Distributed agent coordination across multiple CortexPrism instances. The swarm layer allows Cortex instances to form a fleet, discover each other, dispatch work directives, and aggregate resource usage — all over the A2A protocol.

Architecture

┌──────────────────────────────────────────────┐
│                  Swarm Coordinator           │
│  registerSelf · discoverPeers · dispatch     │
│  broadcast · getResourceReport · heartbeat   │
├──────────────────────────────────────────────┤
│              A2A Transport Layer             │
│  connect · disconnect · sendDirective        │
│  ping · fetchRemoteAgentCard                 │
├──────────────────────────────────────────────┤
│          A2A Protocol (JSON-RPC 2.0)         │
└──────────────────────────────────────────────┘

The swarm sits above the A2A transport layer (packages/infra/src/swarm/) and provides the primary API for fleet operations. It is defined in packages/infra/contracts/swarm.ts and implemented across 5 modules:

File Purpose
coordinator.ts swarm singleton: self-registration, peer discovery, dispatch, heartbeat, resource reports
node-registry.ts CRUD over the nodes table, heartbeat updates, stale-node eviction, peer discovery via A2A agent cards
transport.ts Maps swarm directives to A2A messages over JSON-RPC 2.0
directive-handler.ts Receiving side: processes incoming directives (spawn sub-agents, execute tasks, query resources)
remote-kernel.ts Proxies remote processes into the local OsKernel process tree; aggregates cross-node resources

Directives

Work is dispatched across the swarm via directives — typed task messages sent from one node to another. Each directive has a unique ID, priority level (low / normal / high / critical), a TTL, and is tracked in the swarm_directives table.

5 Directive Kinds

Kind Purpose
spawn_agent Spawn a sub-agent on a remote node to perform delegated work
execute_task Execute a shell command or tool invocation on a remote node
query_resources Query a remote node's resource accounting (tokens, CPU, memory, sessions)
forward_message Forward a user message or agent output to a remote node
sync_state Synchronize shared state (memory, skills, configuration) between nodes

Directive results include status (completed / failed / cancelled / timed_out), output, error details, and execution metrics (tokens in/out, cost, duration, tool calls).

Node Lifecycle

Registration

When an instance joins the swarm via cortex swarm init, it registers itself in the nodes table with a name, host, port, capability tier (root / sudo / unprivileged), group, and A2A endpoint.
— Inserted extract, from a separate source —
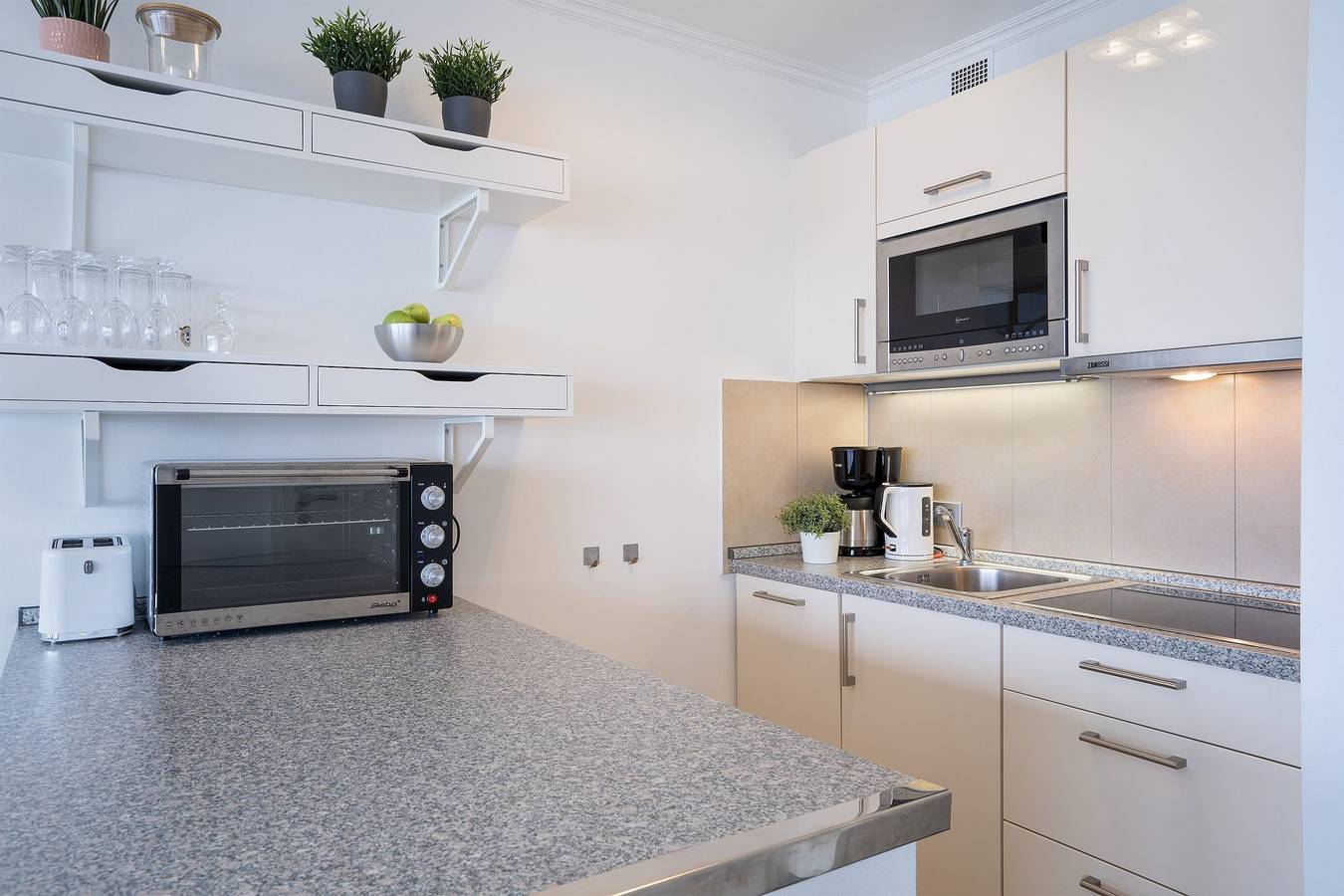 Ganze Ferienwohnung, Residenz am Hang Saltwater Suite in Themenstrände Scharbeutz, Ostholstein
The registration is idempotent — re-registering with the same endpoint updates the existing node record.

Peer Discovery

Nodes discover each other through three phases:

  1. Explicit endpoints — passed to discoverPeers() directly
  2. Config seed nodesconfig.swarm.seedNodes array in ~/.cortex/config.json
  3. Database refresh — existing connected nodes in the nodes table whose agent cards are refreshed via A2A fetchAgentCard()

Heartbeat

Every 30 seconds (HEARTBEAT_INTERVAL_MS = 30_000), each node sends a heartbeat containing:

  • CPU percent, memory (used/total), disk (used/total)
  • Active sessions and processes
  • Tokens used today (in/out), cost USD today
  • Uptime seconds

Heartbeat metrics are written to both the nodes table (current values) and the swarm_resource_snapshots table (time-series, retained for 1440 snapshots per node).

Stale Node Detection

Nodes that miss heartbeats for 120 seconds (NODE_STALE_MS) are automatically marked as disconnected by markNodesOffline().

Draining & Sealing

  • Drain — sets the node to draining status (mapped to connected in DB). The node stops accepting new directives but completes in-flight work.
  • Seal — sets the node to sealed status (mapped to disconnected in DB). Heartbeat stops; the node gracefully shuts down.

Resource Aggregation

The swarm aggregates resource usage across all nodes:

  • Per-node metrics: tokens in/out, cost, tool calls, CPU ms, peak memory, active sessions/processes
  • Fleet totals: summed from the swarm_resource_snapshots table (last 24 hours)
  • Resource report (SwarmResourceReport): total nodes, online nodes, aggregate token usage, cost, tool calls, CPU time, peak memory

Remote Process Proxying

The remote kernel (remote-kernel.ts) extends the local OsKernel process tree to include remote processes. Remote sub-agents appear in the local process tree display with PIDs in the 900,000+ range. Resource accounting from remote nodes is synced into the local kernel so that token usage, cost, and CPU time reflect fleet-wide activity.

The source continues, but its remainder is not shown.